If you don't mind, could you please share us which charts you would like to understand and also the errors which you would like to correlate with charts so that we will get a chance to help you in understanding ClouderaManager-->charts

 

Thanks,

Senthil Kumar

avatar
Contributor
i.e. Hive Metastore Canary Duration.

avatar
Rising Star
This is a Hive Metastore health test that checks that a client can connect and perform basic operations. The operations include: (1) creating a database, (2) creating a table within that database with several types of columns and two partition keys, (3) creating a number of partitions, and (4) dropping both the table and the database. The database is created under the /user/hue/.cloudera_manager_hive_metastore_canary/<Hive Metastore role name>/ and is named "cloudera_manager_metastore_canary_test_db". The test returns "Bad" health if any of these operations fail. The test returns "Concerning" health if an unknown failure happens. The canary publishes a metric 'canary_duration' for the time it took for the canary to complete. Here is an example of a trigger, defined for the Hive Metastore role configuration group, that changes the health to "Bad" when the duration of the canary is longer than 5 sec: "IF (SELECT canary_duration WHERE entityName=$ROLENAME AND category = ROLE and last(canary_duration) > 5s) DO health:bad" A failure of this health test may indicate that the Hive Metastore is failing basic operations. Check the logs of the Hive Metastore and the Cloudera Manager Service Monitor for more details. This test can be enabled or disabled using the Hive Metastore Canary Health Test Hive Metastore monitoring setting.

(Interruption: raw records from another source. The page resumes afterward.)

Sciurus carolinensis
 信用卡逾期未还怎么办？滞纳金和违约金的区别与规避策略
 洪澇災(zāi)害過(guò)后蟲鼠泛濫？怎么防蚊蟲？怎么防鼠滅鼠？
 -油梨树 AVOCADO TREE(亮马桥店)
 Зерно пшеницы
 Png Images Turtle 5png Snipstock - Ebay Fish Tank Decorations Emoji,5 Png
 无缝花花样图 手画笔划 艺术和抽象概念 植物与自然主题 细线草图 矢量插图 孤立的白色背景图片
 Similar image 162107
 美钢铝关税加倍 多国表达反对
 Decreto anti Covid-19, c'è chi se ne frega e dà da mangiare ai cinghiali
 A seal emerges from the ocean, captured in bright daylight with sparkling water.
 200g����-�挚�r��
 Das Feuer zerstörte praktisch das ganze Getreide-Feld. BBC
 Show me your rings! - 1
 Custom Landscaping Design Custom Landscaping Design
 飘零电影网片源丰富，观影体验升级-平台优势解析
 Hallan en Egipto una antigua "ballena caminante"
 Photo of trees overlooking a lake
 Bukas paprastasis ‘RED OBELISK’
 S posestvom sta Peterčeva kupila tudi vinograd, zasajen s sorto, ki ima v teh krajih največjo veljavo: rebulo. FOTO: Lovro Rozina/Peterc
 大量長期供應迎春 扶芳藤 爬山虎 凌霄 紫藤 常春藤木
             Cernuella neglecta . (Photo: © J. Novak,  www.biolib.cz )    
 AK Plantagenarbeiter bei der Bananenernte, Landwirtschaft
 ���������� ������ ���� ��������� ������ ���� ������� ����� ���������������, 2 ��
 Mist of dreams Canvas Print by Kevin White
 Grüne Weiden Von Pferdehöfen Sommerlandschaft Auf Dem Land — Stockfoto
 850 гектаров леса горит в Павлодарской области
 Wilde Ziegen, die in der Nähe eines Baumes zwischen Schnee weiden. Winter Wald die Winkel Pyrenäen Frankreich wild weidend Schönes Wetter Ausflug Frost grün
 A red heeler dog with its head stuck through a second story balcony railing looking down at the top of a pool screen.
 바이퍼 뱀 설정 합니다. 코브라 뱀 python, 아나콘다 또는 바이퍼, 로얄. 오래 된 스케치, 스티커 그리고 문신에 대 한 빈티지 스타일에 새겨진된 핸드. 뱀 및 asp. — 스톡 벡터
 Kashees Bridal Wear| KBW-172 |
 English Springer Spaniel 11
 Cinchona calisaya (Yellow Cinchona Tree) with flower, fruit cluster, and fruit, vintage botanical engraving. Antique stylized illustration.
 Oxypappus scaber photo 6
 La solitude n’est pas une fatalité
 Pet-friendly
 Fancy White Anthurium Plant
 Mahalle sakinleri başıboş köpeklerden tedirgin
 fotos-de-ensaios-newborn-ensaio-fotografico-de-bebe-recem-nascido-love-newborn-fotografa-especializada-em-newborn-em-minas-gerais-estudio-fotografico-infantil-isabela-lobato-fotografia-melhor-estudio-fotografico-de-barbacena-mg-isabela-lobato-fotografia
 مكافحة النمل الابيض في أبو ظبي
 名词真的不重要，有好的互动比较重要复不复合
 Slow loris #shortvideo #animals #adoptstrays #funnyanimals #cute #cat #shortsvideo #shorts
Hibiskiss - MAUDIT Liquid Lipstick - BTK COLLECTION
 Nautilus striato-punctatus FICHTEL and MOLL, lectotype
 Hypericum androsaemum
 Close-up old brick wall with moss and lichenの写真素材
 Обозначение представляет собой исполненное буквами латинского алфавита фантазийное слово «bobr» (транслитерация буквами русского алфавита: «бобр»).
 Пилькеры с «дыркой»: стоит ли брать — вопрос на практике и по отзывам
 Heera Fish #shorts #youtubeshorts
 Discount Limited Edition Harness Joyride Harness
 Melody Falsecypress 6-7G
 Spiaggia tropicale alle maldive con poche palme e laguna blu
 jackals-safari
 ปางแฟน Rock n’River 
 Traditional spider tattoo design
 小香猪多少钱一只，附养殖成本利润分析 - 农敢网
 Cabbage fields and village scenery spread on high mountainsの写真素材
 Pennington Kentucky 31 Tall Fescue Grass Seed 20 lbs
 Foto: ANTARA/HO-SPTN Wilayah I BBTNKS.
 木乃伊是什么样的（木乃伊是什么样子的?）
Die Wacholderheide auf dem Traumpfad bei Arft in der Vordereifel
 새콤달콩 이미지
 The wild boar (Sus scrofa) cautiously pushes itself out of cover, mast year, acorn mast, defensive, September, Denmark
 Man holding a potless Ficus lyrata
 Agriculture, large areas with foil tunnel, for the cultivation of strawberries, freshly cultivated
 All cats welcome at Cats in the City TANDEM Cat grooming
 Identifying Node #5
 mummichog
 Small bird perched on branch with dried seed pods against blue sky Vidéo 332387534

Ref: https://www.cloudera.com/documentation/enterprise/5-7-x/topics/cm_ht_hive_metastore_server.html#conc...

avatar
Contributor

i.e. If i receive the alert with Activity Monitor.

Pause Duration Bad
Average time spent paused was 2 minute(s), 54 second(s) (290.37%) per minute over the previous 5 minute(s). Critical threshold: 60.00%.

 

There are various charts like disk latency,Disk throughput,networkthroughput. Garbage collection time. 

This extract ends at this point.